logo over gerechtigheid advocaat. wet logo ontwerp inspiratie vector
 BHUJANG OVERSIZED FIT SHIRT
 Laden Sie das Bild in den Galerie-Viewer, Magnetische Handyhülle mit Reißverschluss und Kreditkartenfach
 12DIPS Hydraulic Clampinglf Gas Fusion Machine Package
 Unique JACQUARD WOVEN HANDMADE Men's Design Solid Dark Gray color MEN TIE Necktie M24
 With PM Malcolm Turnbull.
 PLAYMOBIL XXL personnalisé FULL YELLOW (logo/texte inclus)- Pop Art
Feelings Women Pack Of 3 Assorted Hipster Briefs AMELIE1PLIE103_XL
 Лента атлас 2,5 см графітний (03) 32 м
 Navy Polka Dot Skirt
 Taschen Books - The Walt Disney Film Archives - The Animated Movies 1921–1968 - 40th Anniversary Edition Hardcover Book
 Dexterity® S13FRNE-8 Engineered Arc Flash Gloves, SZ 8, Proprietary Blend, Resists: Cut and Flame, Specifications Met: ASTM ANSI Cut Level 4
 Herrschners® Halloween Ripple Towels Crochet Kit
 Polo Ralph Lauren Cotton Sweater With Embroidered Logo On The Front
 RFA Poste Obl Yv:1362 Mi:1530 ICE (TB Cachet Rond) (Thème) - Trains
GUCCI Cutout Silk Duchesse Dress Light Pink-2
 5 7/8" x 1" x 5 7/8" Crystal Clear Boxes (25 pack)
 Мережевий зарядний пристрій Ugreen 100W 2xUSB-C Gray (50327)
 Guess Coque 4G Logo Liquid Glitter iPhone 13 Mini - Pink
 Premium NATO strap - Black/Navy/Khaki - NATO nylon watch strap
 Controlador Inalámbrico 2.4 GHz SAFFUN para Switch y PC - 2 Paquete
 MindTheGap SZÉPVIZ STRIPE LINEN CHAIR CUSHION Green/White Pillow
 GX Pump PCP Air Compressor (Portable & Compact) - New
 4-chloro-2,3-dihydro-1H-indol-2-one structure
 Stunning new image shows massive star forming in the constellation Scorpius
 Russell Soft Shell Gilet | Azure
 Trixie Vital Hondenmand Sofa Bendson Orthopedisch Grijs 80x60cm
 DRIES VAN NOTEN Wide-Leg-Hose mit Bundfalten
● ● ● ● ● ● ●
> [Work order]: Would you please give the data above again, exactly as it appears?

> [Exercise answer]:
logo over gerechtigheid advocaat. wet logo ontwerp inspiratie vector
 BHUJANG OVERSIZED FIT SHIRT
 Laden Sie das Bild in den Galerie-Viewer, Magnetische Handyhülle mit Reißverschluss und Kreditkartenfach
 12DIPS Hydraulic Clampinglf Gas Fusion Machine Package
 Unique JACQUARD WOVEN HANDMADE Men's Design Solid Dark Gray color MEN TIE Necktie M24
 With PM Malcolm Turnbull.
 PLAYMOBIL XXL personnalisé FULL YELLOW (logo/texte inclus)- Pop Art
Feelings Women Pack Of 3 Assorted Hipster Briefs AMELIE1PLIE103_XL
 Лента атлас 2,5 см графітний (03) 32 м
 Navy Polka Dot Skirt
 Taschen Books - The Walt Disney Film Archives - The Animated Movies 1921–1968 - 40th Anniversary Edition Hardcover Book
 Dexterity® S13FRNE-8 Engineered Arc Flash Gloves, SZ 8, Proprietary Blend, Resists: Cut and Flame, Specifications Met: ASTM ANSI Cut Level 4
 Herrschners® Halloween Ripple Towels Crochet Kit
 Polo Ralph Lauren Cotton Sweater With Embroidered Logo On The Front
 RFA Poste Obl Yv:1362 Mi:1530 ICE (TB Cachet Rond) (Thème) - Trains
GUCCI Cutout Silk Duchesse Dress Light Pink-2
 5 7/8" x 1" x 5 7/8" Crystal Clear Boxes (25 pack)
 Мережевий зарядний пристрій Ugreen 100W 2xUSB-C Gray (50327)
 Guess Coque 4G Logo Liquid Glitter iPhone 13 Mini - Pink
 Premium NATO strap - Black/Navy/Khaki - NATO nylon watch strap
 Controlador Inalámbrico 2.4 GHz SAFFUN para Switch y PC - 2 Paquete
 MindTheGap SZÉPVIZ STRIPE LINEN CHAIR CUSHION Green/White Pillow
 GX Pump PCP Air Compressor (Portable & Compact) - New
 4-chloro-2,3-dihydro-1H-indol-2-one structure
 Stunning new image shows massive star forming in the constellation Scorpius
 Russell Soft Shell Gilet | Azure
 Trixie Vital Hondenmand Sofa Bendson Orthopedisch Grijs 80x60cm
 DRIES VAN NOTEN Wide-Leg-Hose mit Bundfalten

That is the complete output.